To support these claims, Plaintiff asserted that after receiving the Third Notice of Default in November 2011, he called a representative from ASC and gave a rough estimate of his financial situation. (Id. at 30-31.) The representative told him he was not eligible for a loan modification. (Id. at 31.) Plaintiff did not seek another modification before Quality Loan recorded a Notice of Sale against the property in February of 2012. (Id.) Plaintiff alleged that Defendants' actions deprived him of a good faith loan modification review and the requisite due process for a non-judicial foreclosure. (Id. at 31-33.) Plaintiff specifically alleged that he was deprived of statutory rights that HBOR guarantees—that is, the rights to financial assessments, foreclosure options, follow-up meetings, a written summary of the status of his mortgage, and contact with the Department of Housing and Urban Development in the days leading up to the Third Notice of Default. (Id. at 32.) Thus, Plaintiff argued, Defendants had no right to foreclose. (Id. at 31.)
Plaintiff sought a declaration that Defendants' attempt to foreclose on the property was wrongful, an injunction enjoining the foreclosure on his home, compensatory damages, statutory damages, and attorneys' fees. (Id. at 33-34.) Defendants ASC and Deutsche Bank filed a demurrer. (Id. at 55.) On December 30, 2013, the Superior Court sustained Defendants' demurrer "without leave to amend for failure to state facts sufficient to constitute a cause of action" as to both HBOR claims and entered judgment in Defendants' favor. (Id. at 56.)

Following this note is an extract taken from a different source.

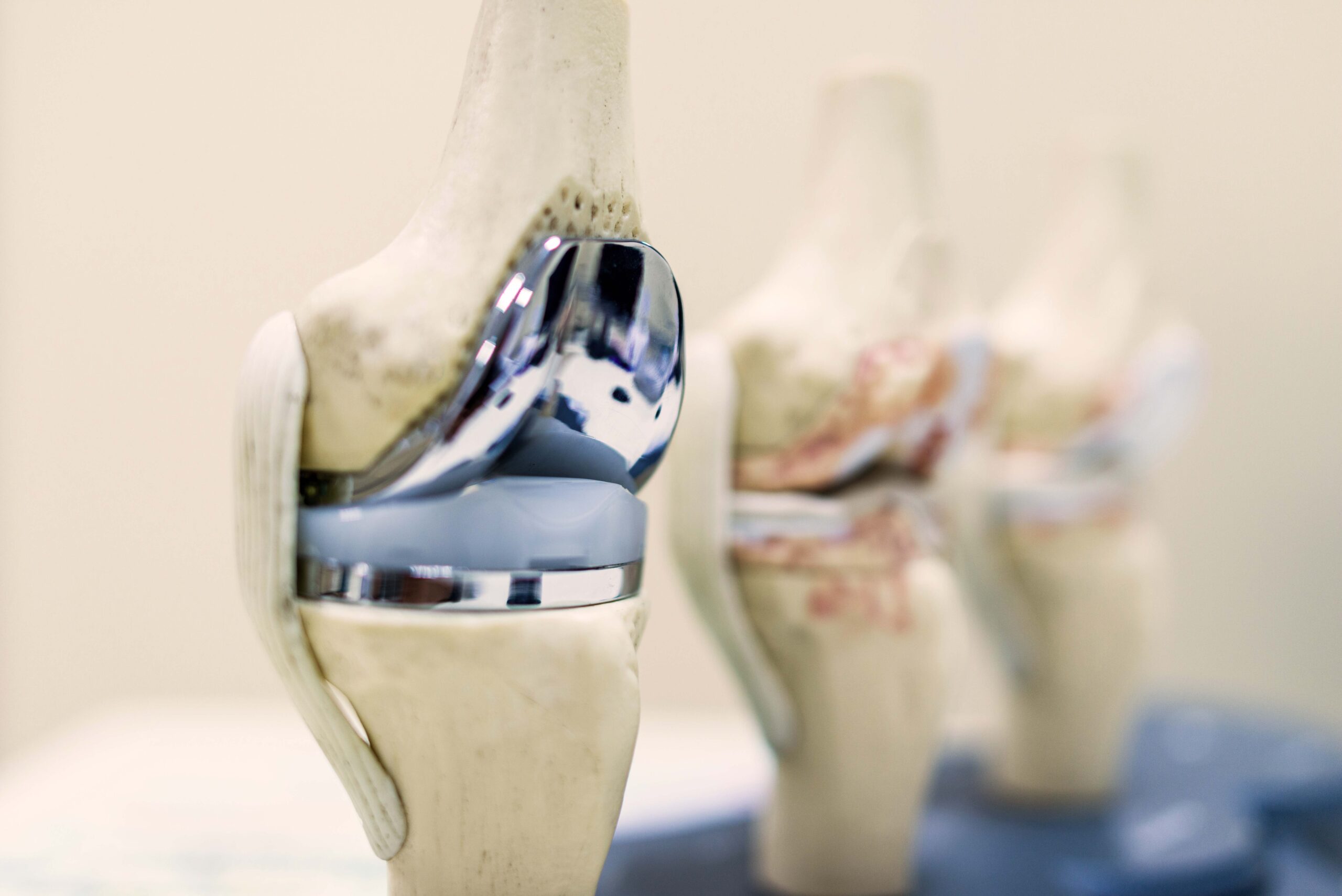 Knee,Joint,Model,Or,Mock-up,With,Knee,Replacement,Prosthesis,In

Prior Bankruptcy Proceedings
On March 5, 2012, approximately two months after bringing his state court action, Plaintiff filed his first petition for bankruptcy. (Dkt. No. 12-2 at 2.) The bankruptcy court dismissed Plaintiff's case on August 14, 2012 for failure to make plan payments. (Id. at 8.) Plaintiff filed a second petition for bankruptcy one week later, but the court dismissed his second petition for case deficiencies. (Id. at 11, 14.) Plaintiff again filed for bankruptcy on February 24, 2014, and this case was also dismissed for deficiencies. (Id. at 17, 22-23.) Plaintiff filed his most recent bankruptcy petition on June 13, 2014. (Id. at 26.) The court dismissed his case on October 22, 2014 for defaulting on Chapter 13 payments. (Id. at 33.)
II. Present Federal Complaint
On December 29, 2014, one year after the entry of his adverse judgment in state court, Plaintiff initiated this action in federal court to challenge the same foreclosure. (See Complaint.) In the eight-count Complaint, Plaintiff makes claims for breach of express agreement, breach of implied agreement, wrongful foreclosure, slander of title, and violations of California Civil Code Section 1788, 15 U.S.C. §§ 1692 and 1601, 12 U.S.C. § 2605, and California Business and Professions Code Section 17200. (Id ¶ 1.)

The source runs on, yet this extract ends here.